Во время коротких свиданий Корш допытывался:
— Ну-с, какие задания ты получал?
— От кого? — спрашивал я и тут же засыпал.
— Собака, — хладнокровно цедил Корш и хлестко бил по щеке. — Собака. Героя корчишь? Так или иначе подохнешь. Только сначала из тебя душу вытянут. По ниточке, по кусочку, медленно.
Суток через трое под проволочную сетку на потолке ввинтили огромную лампу и откинули койку. Я мог лежать ночью, но проклятый свет резал глаза, даже если лежал вниз лицом. Он, казалось, пронизывал голову насквозь, и ни на секунду нельзя было от него скрыться, отдохнуть. Он доводил до исступления, до припадков бешенства. Тогда я в бессильной злобе бросался на пол, готовый пробить его своей головой.
Меня уже не выводили из камеры. Пытка продолжалась беспрерывно.
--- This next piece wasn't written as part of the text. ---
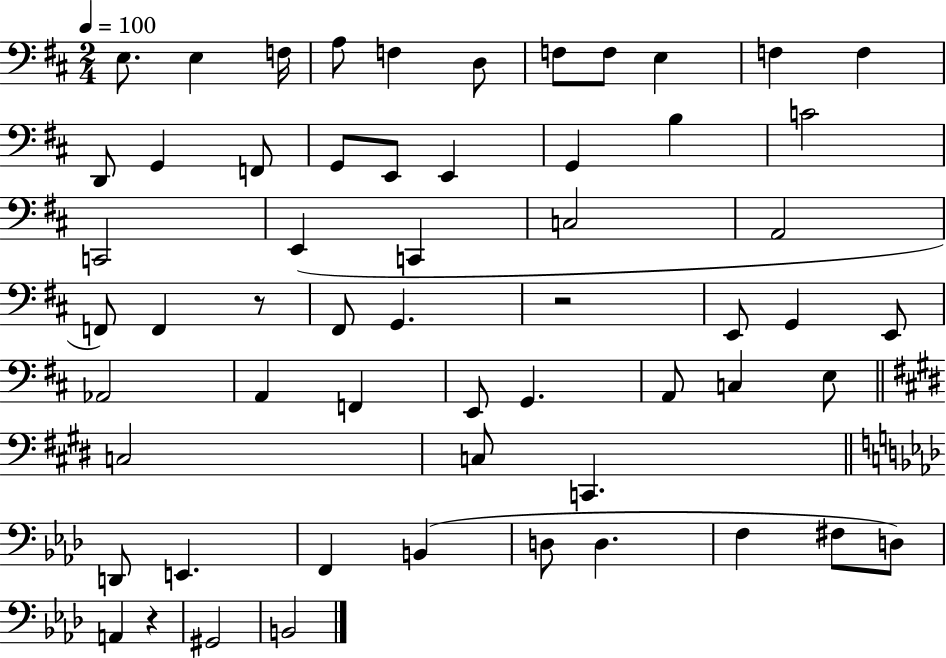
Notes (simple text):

E3/e. E3/q F3/s A3/e F3/q D3/e F3/e F3/e E3/q F3/q F3/q D2/e G2/q F2/e G2/e E2/e E2/q G2/q B3/q C4/h C2/h E2/q C2/q C3/h A2/h F2/e F2/q R/e F#2/e G2/q. R/h E2/e G2/q E2/e Ab2/h A2/q F2/q E2/e G2/q. A2/e C3/q E3/e C3/h C3/e C2/q. D2/e E2/q. F2/q B2/q D3/e D3/q. F3/q F#3/e D3/e A2/q R/q G#2/h B2/h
Ежедневно на несколько секунд заглядывал Корш и коротко спрашивал:
— Ну-с, надумал?
Вместо Корша я видел темное, почему-то искрящееся пятно. Глядя на него, отвечал:
— Ничего я не знаю.
Лязгала дверь, и адски яркий свет продолжал заливать крохотную камеру. Воздух накалился. Железо койки было теплое, липкое.
— В Дахау тебя обдерут до костей. Там скажешь и то, чего не знаешь. Отца продашь и будешь смерти просить, как милости. Там обломают, — обещал Корш.
Я его уже не боялся. В течение этих тяжелых дней я убедился в том, что Коршу обо мне ничего не известно. Пытается взять измором. Значит, все зависит пока только от меня, и я себе приказывал: «Соберись в комок, не раскисай, лучше умри, но молчи».